Ler é um prazer invulgar e um ato de cidadania.
E se pensarmos isto num país onde existe a carência de 130 mil bibliotecas públicas,
além de outros desníveis nas áreas de educação e cultura, então ler é até um
ato revolucionário, uma subversão. Se tal ato é um prazer, e desse prazer consta
a suave alegria vivida em diferentes gradações, melhor ainda o será. E é assim
que dou fé de valia (com alegria) ao fiador (tecelão) de palavras Nilto Maciel, cearense de Baturité,
mestre específico da variedade literária do conto e provocador tenaz em sua
crítica literária.
Como todo bom contador de histórias, o óbvio é
que sobre a sua própria (recortes, ao menos) ele seja fiel a um bom trabalho.

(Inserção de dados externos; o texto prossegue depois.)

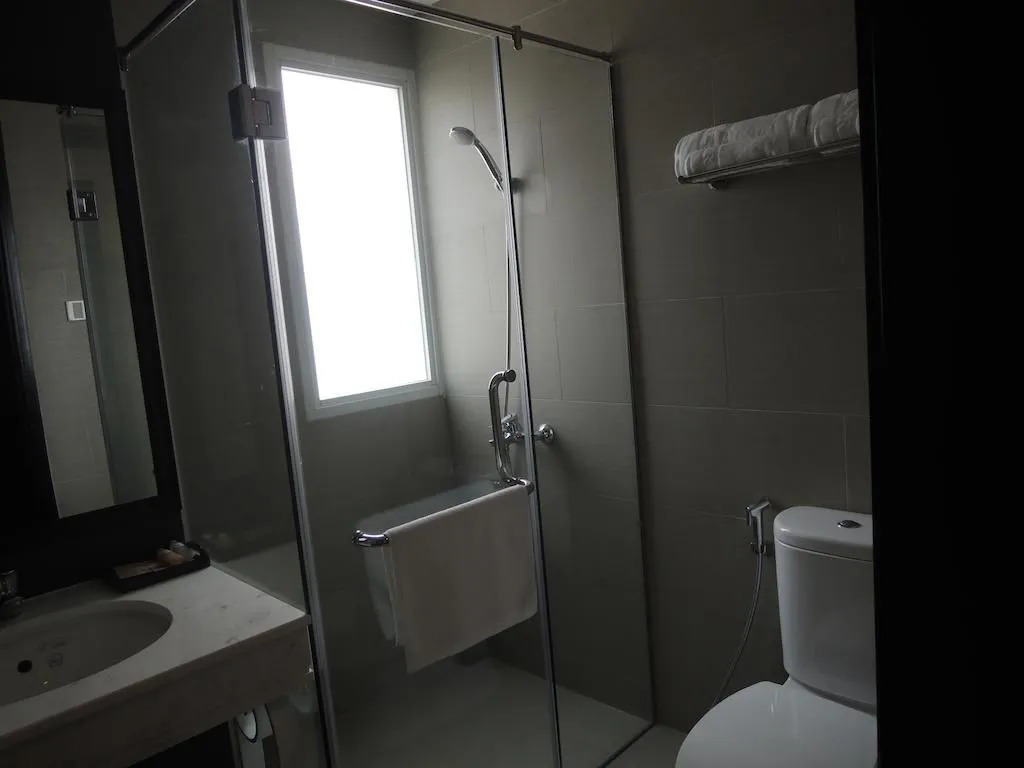 Iris Hotel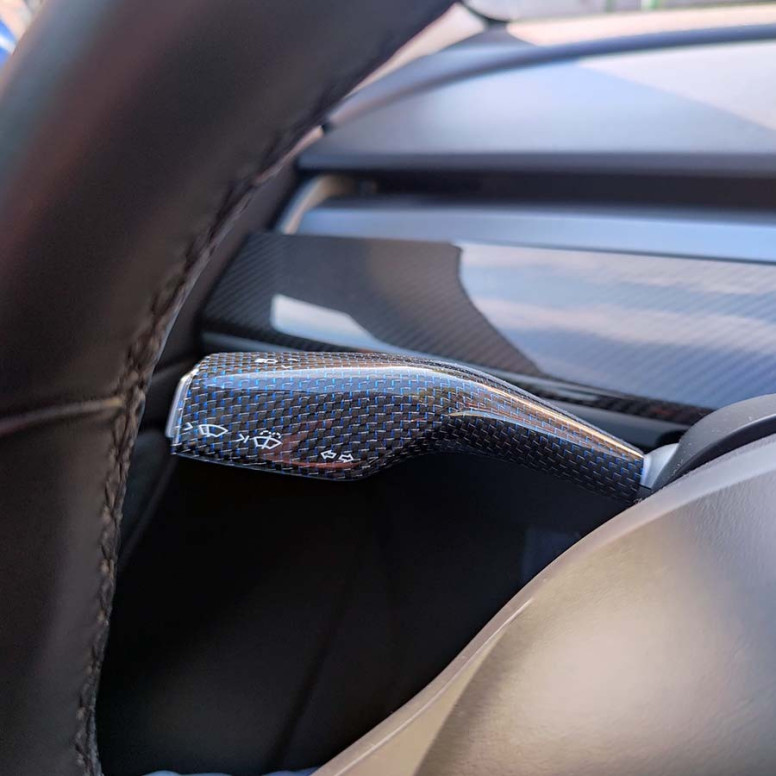 Karbónová vložka páčok pod volantom - Tesla Model 3 a Tesla Model Y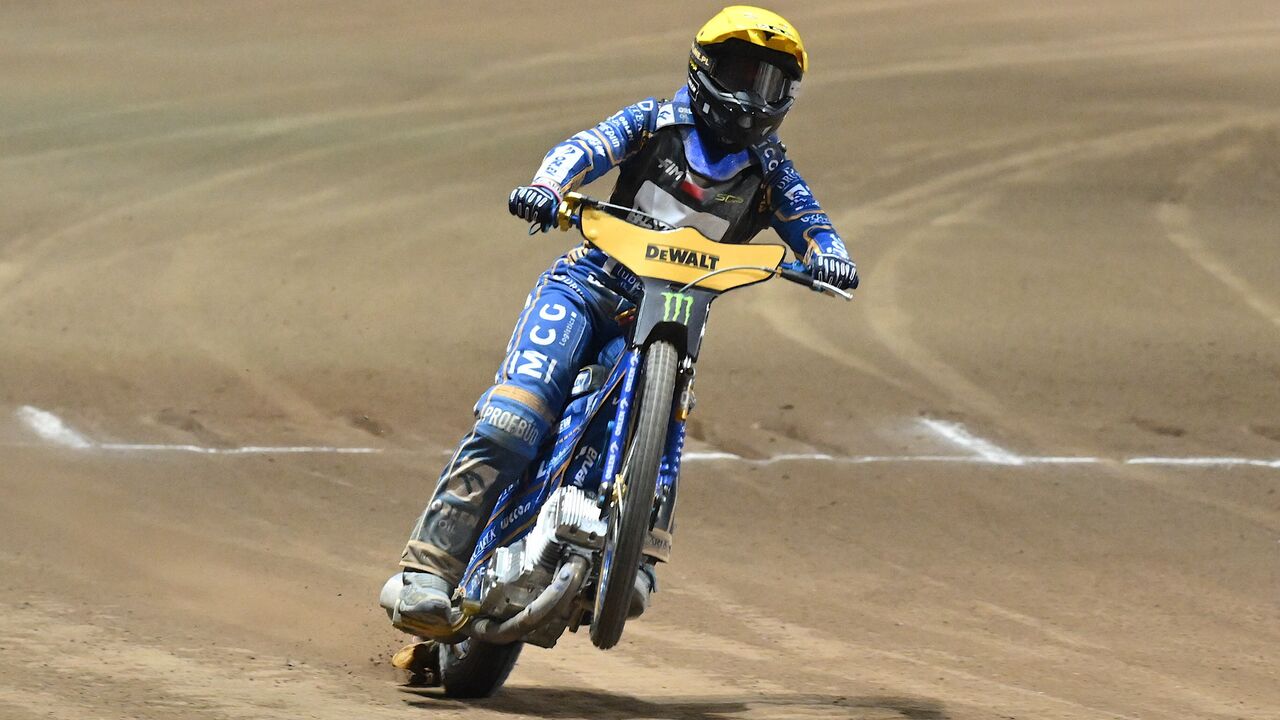 Pole retakes speedway world championship lead after victory in Riga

Assim é que nos dá a alegria de um livro de memórias, onde desnuda ao menos um
pouco de seu cotidiano de escritor no decorrer dos anos.
Em Menos
vivi do que fiei palavras: diários de literatura (Penalux, 2012), Nilto
abre ao público sua falas secretas (íntimas) num relato autobiográfico acerca
de suas batalhas entre livros, sonhos, alegrias e desilusões. Não se trata,
entretanto, de algo como um relatório formal, mas, sim, de crônicas cerzidas
com a graça, a “eletricidade” e a ironia que lhe são próprias já noutros
escritos, mesmo quando tratam de assuntos complexos e até tristes, pesarosos.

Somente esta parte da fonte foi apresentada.